[Records from a dataset]
=== Section Start ===
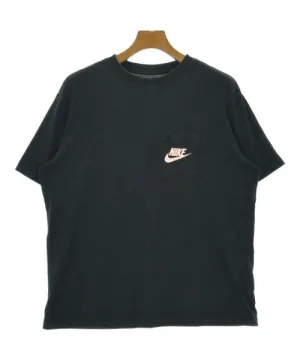 NIKE Tee Shirts/Tops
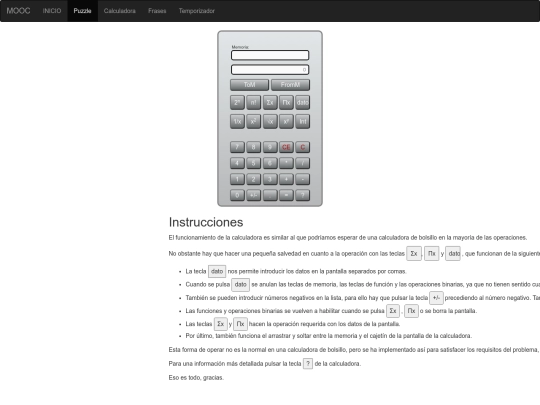 modulo6/p2p_obligatorio/calculadora/calculadora screenshot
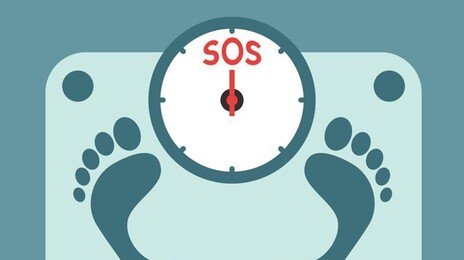 “‘○○ 제한 식단’, 추위 노출된 듯 지방 태워 체중 감소… 비만 치료 새 희망”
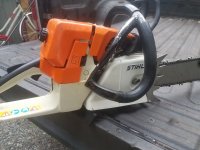 20170429_090413.jpg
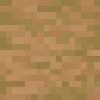 🌴 Эмодзи «Wood Minecraft» для Telegram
=== Section End ===
TASK → Once the line containing "20170429_090413.jpg" is found, it and every line through the end of the records above should be output exactly, with no pictures.

OUTPUT OF THE TASK →
 20170429_090413.jpg
 🌴 Эмодзи «Wood Minecraft» для Telegram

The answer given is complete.